Im Rahmen des Forschungsprojekts haben wir folgende Zielsetzungen:
- Ein barrierefreies Assistenzsystem, das Teilhabe ermöglicht – mit gesprochener Kommunikation, vereinfachten Begriffen und einer empathischen Benutzeroberfläche, die Menschen mit Unterstützungsbedarf echte finanzielle Teilhabe verschafft.
- KI-gestützte Analytik für bessere Budgetentscheidungen – durch intelligente Klassifikation, Mustererkennung und Anomalieanalyse auf Basis realer Transaktionsverläufe, die unterstützungsbedürftige Personen wie auch Betreuungspersonal helfen, Budgets vorausschauend und verantwortungsvoll zu steuern.
- Ein reaktionsfähiges Begleitsystem für finanzielle Sicherheit, das auffällige Transaktionen frühzeitig erkennt, automatische Unterstützung auslöst und Bezugspersonen gezielt einbindet; damit können unterstützungsbedürftige Menschen eigenverantwortlich handeln, ohne Risiken allein tragen zu müssen.

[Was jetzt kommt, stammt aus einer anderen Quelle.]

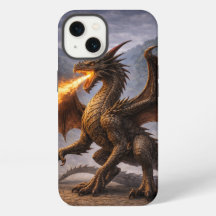 Étui de téléphone à motif d'écailles de dragon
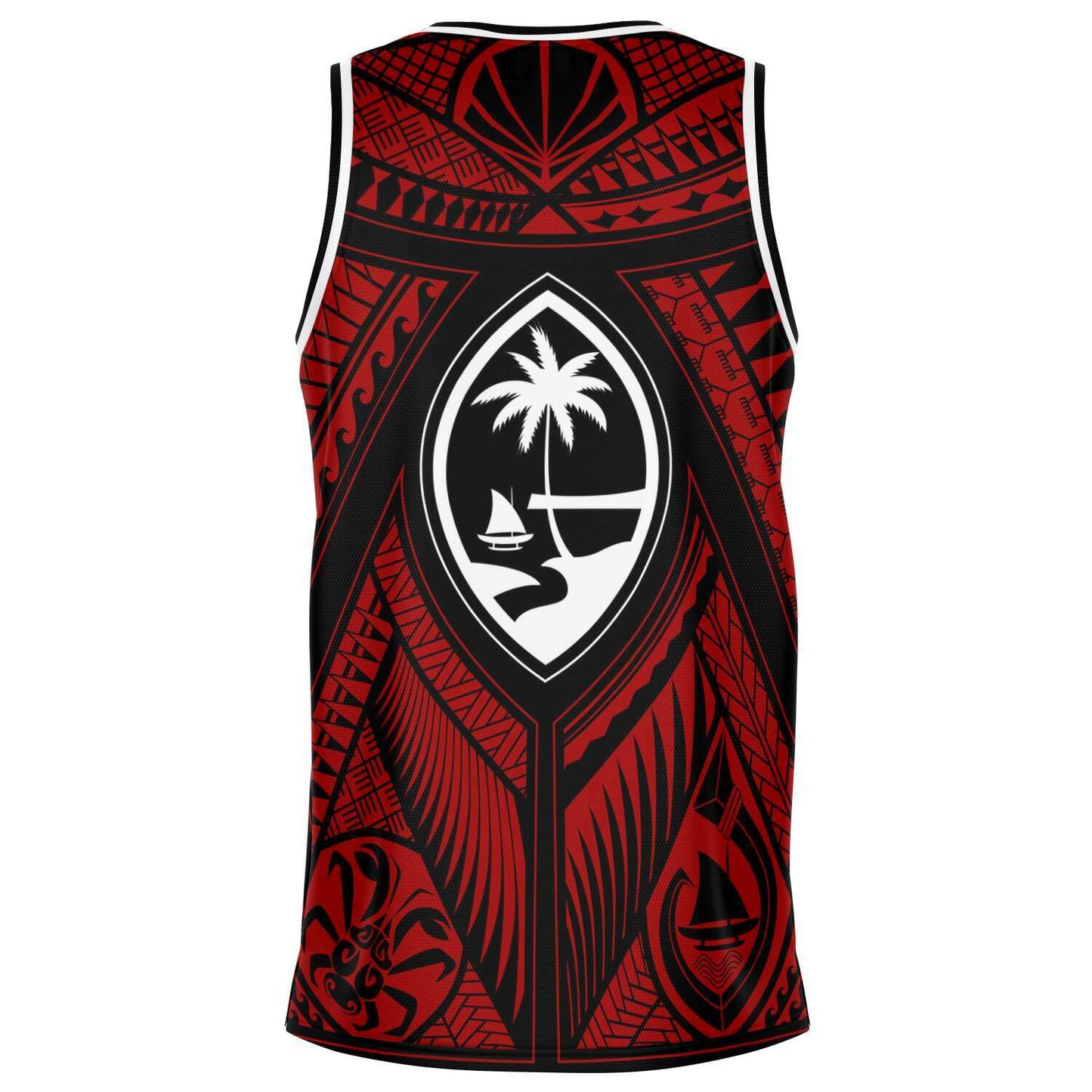 Guahan Tribal Red Basketball Jersey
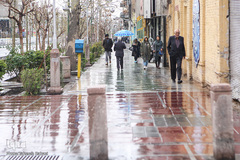 اولین باران بهاری در تهران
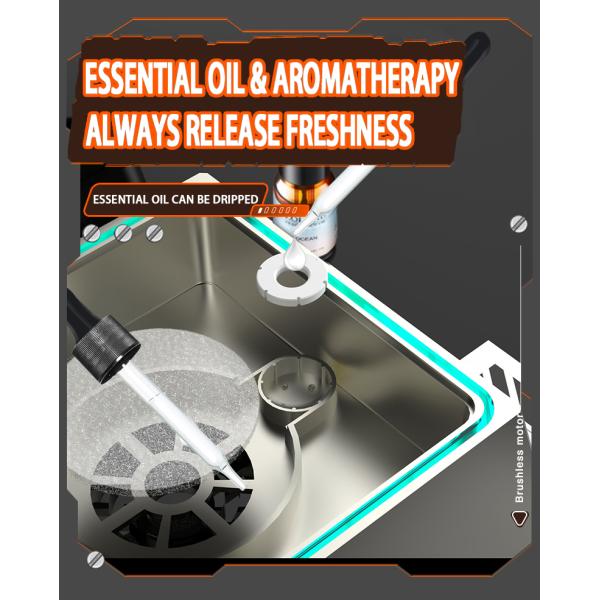 2023 New Arrival USB Astray Air Purifier Ash Proof Rechargeable Aromatherapy Negative Ions Air Cleaner With Brushless Motor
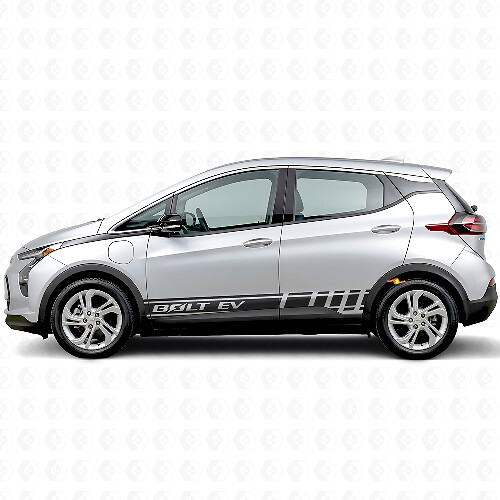 Adesivo Vinile Laterale con Strisce di Accento Marchiate per Chevrolet Bolt EUV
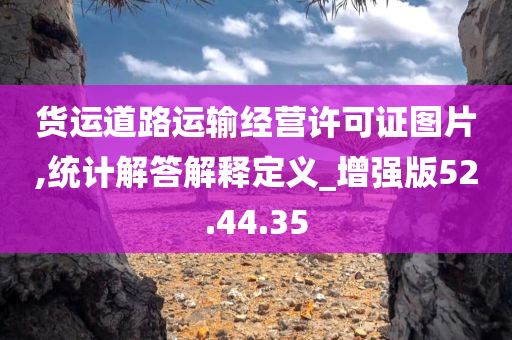 货运道路运输经营许可证图片,统计解答解释定义_增强版52.44.35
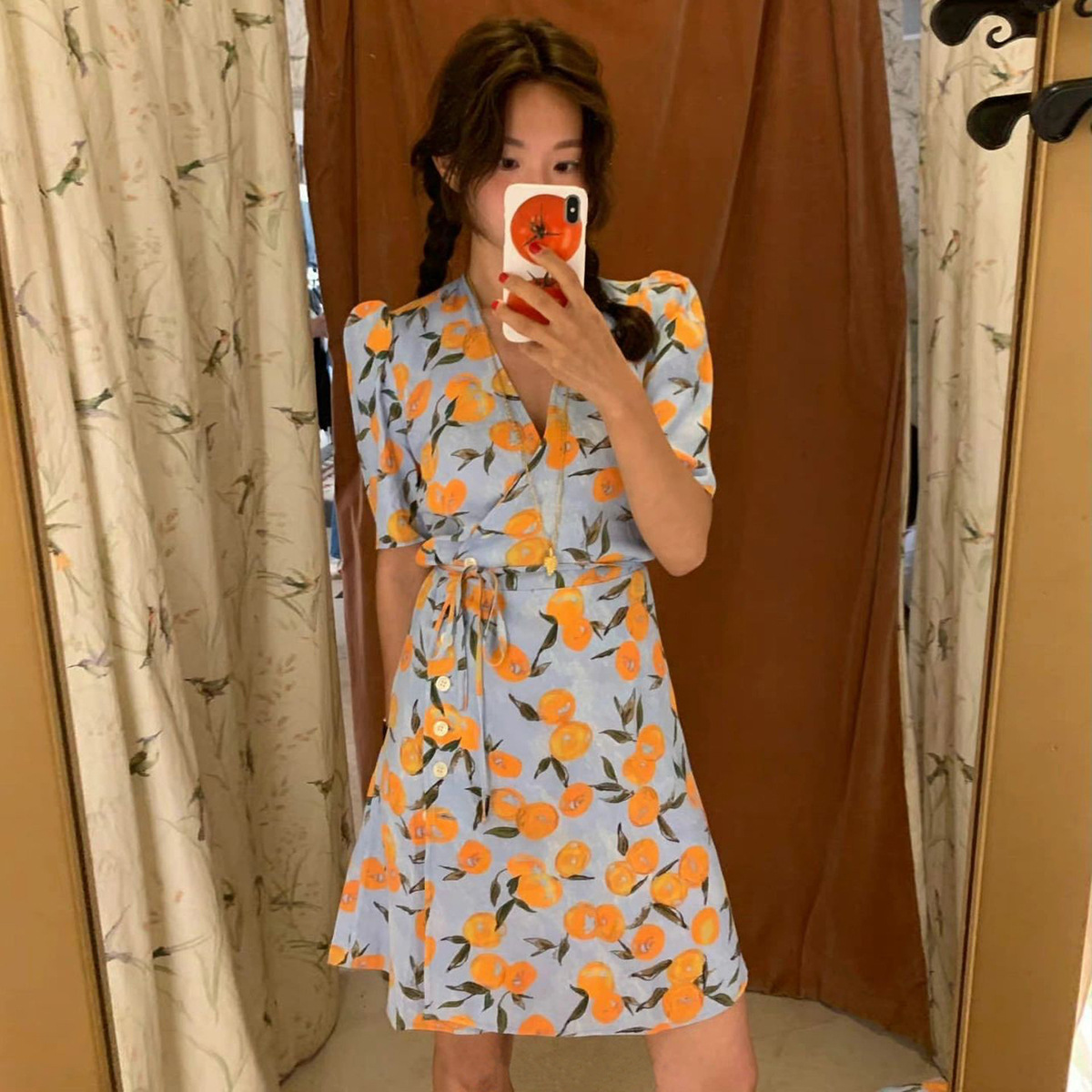 连衣裙/裙子/女装连衣裙/韩系连衣裙/女装女式修身时尚休闲产品图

- Echten Impact, der sich insbesondere durch gesteigerte finanzielle Selbstwirksamkeit, Entlastung von Betreuungspersonen und Prävention von Missbrauch ausdrückt.
Damit erhalten einerseits unterstützungsbedürftige Personen Zugang zu budgetärer Eigenverantwortung ohne Überforderung und andererseits soziale Organisationen bzw Betreuende sowie Angehörige / Erwachsenenvertreter Tools zur Übersicht, Früherkennung und Kommunikation. Diese Form der „sozialen KI“ adressiert eine Zielgruppe, die bisher nicht im Fokus der Digitalisierung stand, und erweitert damit sowohl das technische Innovationsspektrum als auch das gesellschaftliche Verständnis von Inklusion.